Task objective: Nothing other than the lines from the one containing "For Honor Pad" through the last line of the data below should be output, each reproduced exactly.

Available data:
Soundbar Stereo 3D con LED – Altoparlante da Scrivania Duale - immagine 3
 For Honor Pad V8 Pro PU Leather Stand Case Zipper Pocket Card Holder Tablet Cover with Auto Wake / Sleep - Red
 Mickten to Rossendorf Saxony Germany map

Solution:
 For Honor Pad V8 Pro PU Leather Stand Case Zipper Pocket Card Holder Tablet Cover with Auto Wake / Sleep - Red
 Mickten to Rossendorf Saxony Germany map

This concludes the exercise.